Written By Brian Hicks

Posted May 27, 2008






Weaning ourselves off of imported oil has been the promise every U.S. President as far back I can remember.

Nonetheless, our addiction to oil has only gotten worse with every successive administration. Big surprise there huh?

In fact, to date we now spend about $600 billion every year now on oil imports. That’s a losers game as the price of oil continues to skyrocket, enriching far more of our enemies than our friends.

But while we continue to look at other alternatives to fuel our cars and chase the foolishness of corn-based ethanol, a much simpler solution might be staring us right in the face.

The best part is it can be had for about 90 cents an equivalent gallon.
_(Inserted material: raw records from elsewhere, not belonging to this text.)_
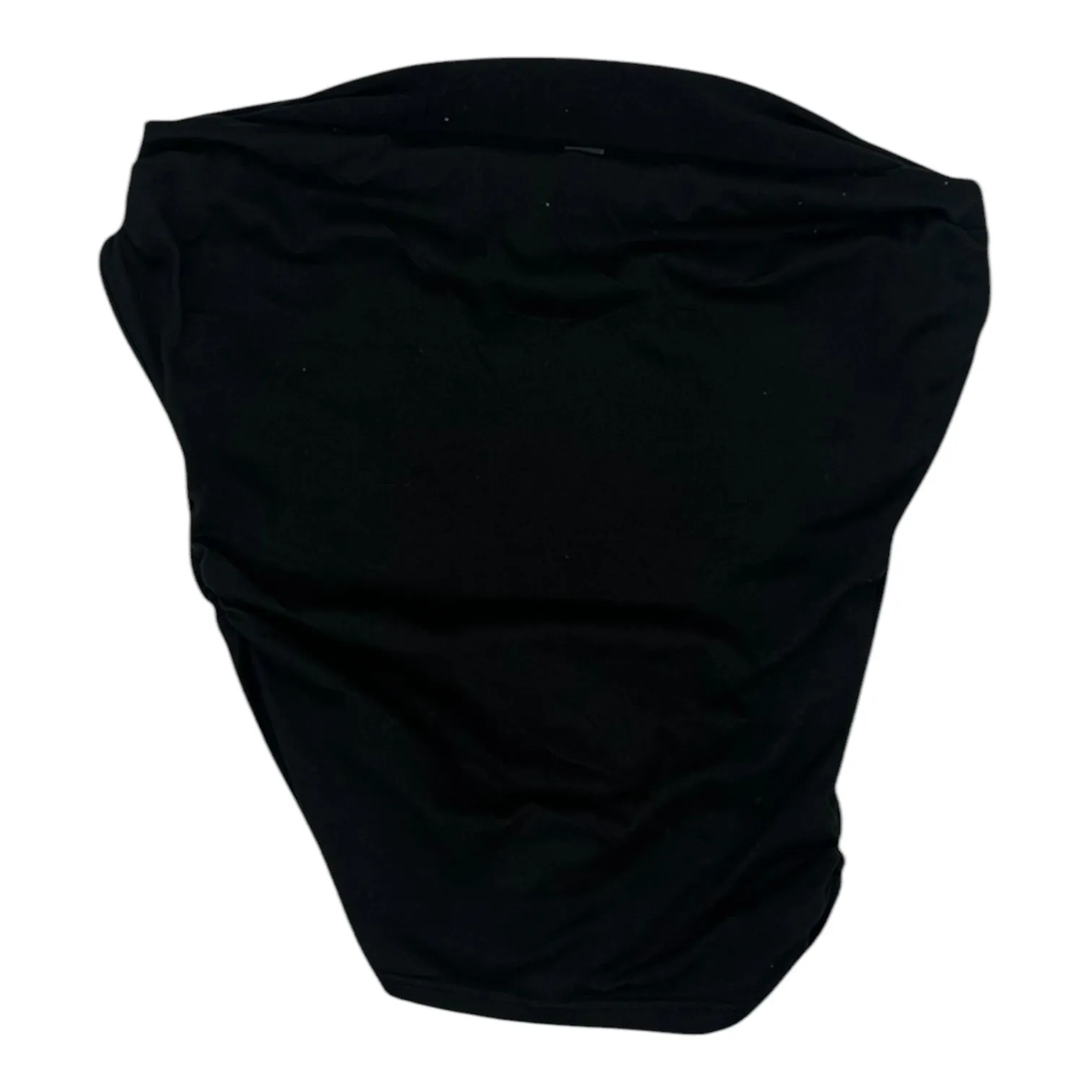 Top Sleeveless By Shein In Black, Size:M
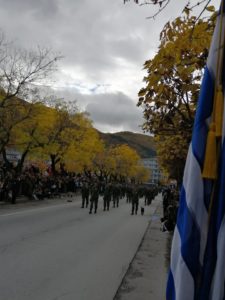 Φλώρινα:  Λαμπρός εορτασμός της 107ης επετείου απελευθέρωσης της Φλώρινας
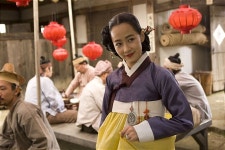 배우 류현경 / 영화: 방자전(2010) - 향단이 역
That’s no typo. Ninety cents a gallon is about what it would cost today to fuel up your car with natural gas.

That is part of the solution to oil crisis being put forward by T. Boone Pickens these days.

 “Natural gas is a cleaner fuel source and North America has an abundance of supply to tap into,” says Pickens. “Just look at what’s occurring with shale development throughout the country. It’s real and it’s happening everywhere – from Northeast British Columbia to the Barnett Shale in Texas; from the Appalachian Basin to the Fayetteville Shale in Alabama. In today’s business and economic environment, natural gas is much more exciting and promising than oil. It is the premium fossil fuel.”

And with gasoline prices now headed above $4.00 a gallon for the foreseeable future, Boone’s vision of natural gas powered transportation system maybe beginning to gain some traction.

Here’s the skinny.

From CNN Money entitled: Experts: Natural gas vehicles getting attention

“As gasoline prices soar, vehicles powered by natural gas are capturing more attention, especially among those operating heavy vehicles, experts at an alternative fuels forum said Thursday.

Compressed natural gas, or CNG, has an average-per-gallon equivalent price of 90.9 cents a gallon in Oklahoma, said Richard Kolodziej, president of Washington, D.C.-based Natural Gas Vehicles for America. Comparatively, gasoline prices are nearing $4 a gallon in the state.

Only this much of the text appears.